Noch ein wenig weiter wollte ich in dieses Viertel vordringen, Richtung Margaretenstraße und Operngasse, die ich bei meinem letzten Besuch nur mit einem Blick gestreift hatte, die mir aber beide interessant schienen. Die Sonne spielte in Glasscheiben und der blaue Himmel krönte diese Ecke, die eher zu den unscheinbaren Ecken Wiens zählt. Die typische Jahrhundertwende-Bebauung ist hier durchmischt mit Häusern aus den Sechzigern und viele der kleinen Geschäfte wirken von den Auslagen her ein wenig chaotisch oder, wenn man mit liebendem Auge schaut, kreativ. Ein ebenfalls originelles Kaffeehaus, mit dem Namen "Point of Sale" lenkte meine Schritte nach links. Leider war mein Kaffeebedarf erstmal gedeckt, also weiter die Operngasse entlang.

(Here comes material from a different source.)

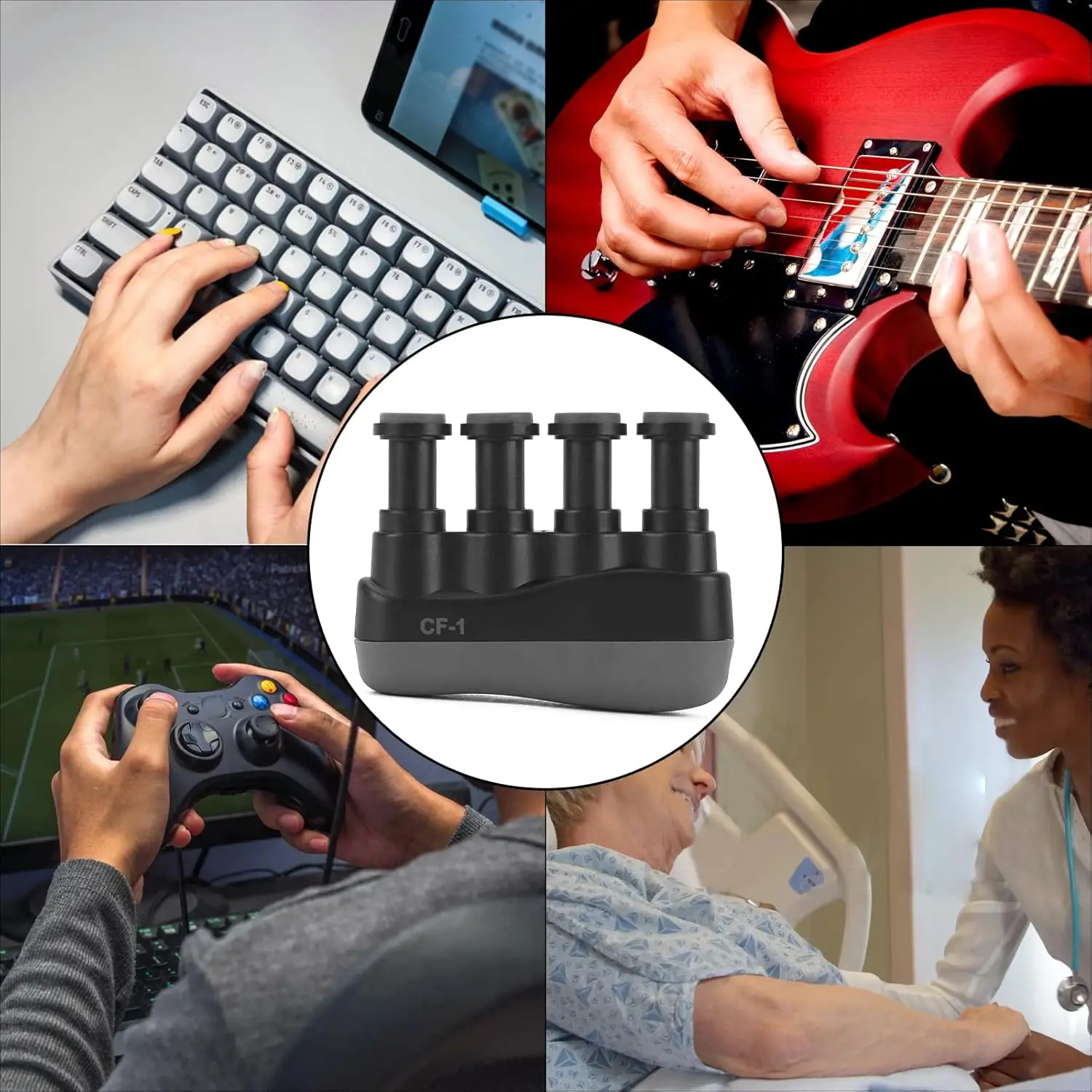 Finger Strength Trainer Finger Trainer Hand Grip Trainers Hand Grip Exerciser Hand Exerciser Finger Strengthener Guitar Players Finger Resistance Training Guitar Bass Speed Training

Eine wirklich originelle Auslage zog mich nach kurzer Zeit wieder in ihren Bann: Das Schaufenster war voller Knäule, die sich beim näheren Hinsehen als stoffummantelte bunte Kabel herausstellten. Eigentlich sah ich einen Wust von bunten Kabeln neben kleinen Lampen mit stilisierten Chinesen darauf, wohl Restbestände aus den Fünfzigern und Lampenschirme jeder Größe. Ich zögerte ein wenig, betätigte dann aber entschlossen die Klinke und trat ein. Der Ladenbesitzer fragte freundlich nach meinem Begehr und erklärte mir dann, dass sie die Kabelummantelung selbst machen, ebenso wie die Lampenschirme. Natürlich musste ich dort 2 Meter wunderbar blaugrünes Kabel kaufen. Zwar gibt es noch keine Lampe dafür, aber die kann ja noch kommen.

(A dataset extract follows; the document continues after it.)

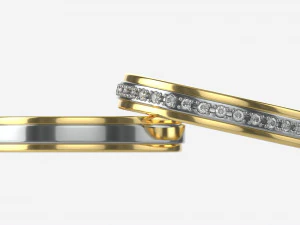 골드 다이아몬드 반지 주얼리 08 3D 모델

Nur wenige Meter weiter musste ich wieder meinen Schritt bremsen, vor einer ganz entzückenden Auslage: Miniaturtörtchen in Eisbechern mit Nüssen darauf, Orangeat oder Rosinen. Ein Schild klärte mich auf, dass es sich hier um einen französischen Teesalon handelte, mit Namen "Süssi"
http://www.suessi.at/tartes.html - vielleicht in Anspielung and die ehemalige Kaiserin. Auch hier musste ich das Innere bestaunen und es war wirklich ganz entzückend: Ein rotplüschiges Interieur, fast in Puppenhausgröße - oder jedenfalls für kleine, zarte Menschen gemacht, kleine Räume, kleine Sesselchen, eine Miniwendeltreppe nach oben. Ich kam aus dem Staunen kaum raus und kaufte dem verdutzten Betreiber zum Trost ein kleines Päckchen Tee ab. Damit endete mein Gang durch das neuerdings hippe Freihausviertel und ich wanderte durch die Faulmanngasse zurück zum Naschmarkt.